At very least, you could be wasting your efforts.
One of the more interesting processes we’ve seen from Google, patent-wise at least, is the ones on Phrase Based Indexing and Retrieval. There have been no less than 10 patents over the years on this particular form of semantic analysis.
What makes it particularly interesting is that this approach doesn’t just seek to understand on-site relevance, but off-site as well. They could be looking at the relevance of the pages linking TO you. They could look at the anchor text, the terms around the links, the concepts expressed on the page, the headings and title of the page and more.
We’ve also seen this with some of the ways they treat the social graph as well.
The writing is on the wall
One experience I had that makes me think about all of this was a conversation with a Googler about a case brought to me by one of my SEO Training Dojo members. They had done an outreach campaign where they got one of their products into the hands of bloggers. The didn’t ask for links. They didn’t ask for a given anchor text. They merely gave them the product. Bloggers, being what they are, did of course link to the site and many of them with the same anchors.
What happened? They actually lost rankings on that particular term.
I felt that they truly hadn’t done anything wrong, thus I reached out. What followed was indeed interesting. Some of the reasons that were given as being potential issues included;
- Blogs were low quality and had low trust.

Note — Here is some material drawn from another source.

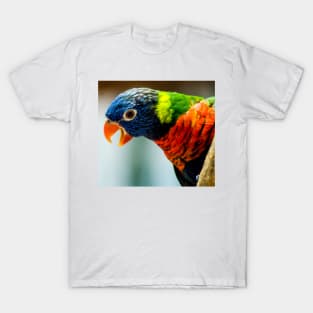 brazilian T-Shirt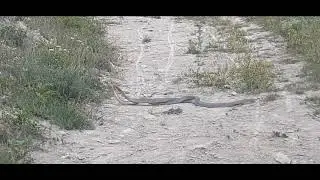Two Snakes in Jivkovo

- Relevance of the blogs (too diverse topicality)
- Suspect exact match anchors
- Past history of the company in question
It really did bring home to me that relevance is indeed important as is trust. Earning that trust is paramount and keeping it, equally so.
If you’re actually still out there ‘building‘ links, instead of attracting them, it would be wise to heed my warnings. It’s not the ‘new’ SEO, in fact it’s as old as it gets. It just might not be considered enough. Are you truly qualifying outreach partners? Or does the pressure of continuously finding new ones leave you and your client at risk? How diligent are you at watching the link profile?
A word to Google
Oh and hey… Google? You listening? Let’s float an idea here shall we? It goes a little something like this;
- Continue to diversify signals beyond links
- Stop penalizing or give better link management tools
- Change ‘Unnatural Links’ messages to, “Hey, these specific kinds of links are useless”
It sucks for a lot of business owners when the rules change in such short order and lives are affected. I do feel ya man. A better Google is an awesome thing. Less crap hat SEOs is a great thing too. You simply need to let them know which types of things are being devalued, the industry (by and large) will take it from there. Same end result, but no one gets crushed.
You’ve given examples in recon request replies, and more recently discussed ‘targeted actions’ for devaluation. We have link reports and disavow tools. Let’s lose or loosen the penalty my long-time friend. We both know that the truly nasty spammers play rinse-and-repeat and layered strategies. This stuff won’t slow them down.
I think SEOs have learned some lessons but hurting honest, but naive, business owners has become a bit harsh. You see, these SEO folks are a chatty bunch and some of them quite smart. If those optimizers knew what was bad, (this year) the word will get out. SEO Dawarnism shall rule the day.
Just a thought….




I was disappointed in you when I read the “New SEO” in your title, but I should have known better.. 🙂
I love all the blog posts about “The New SEO” because it shows me who the “tailwagers” are and just how far behind they have been for the past few years.
Loved your first note to Google … diversify, diversify, diversify. 🙂
lol yea man, I just couldn’t resist the urge to use that title. That and it’s relatives like “the next big thing in SEO” have been driving me a bit bonkers over the last while. Couldn’t resist.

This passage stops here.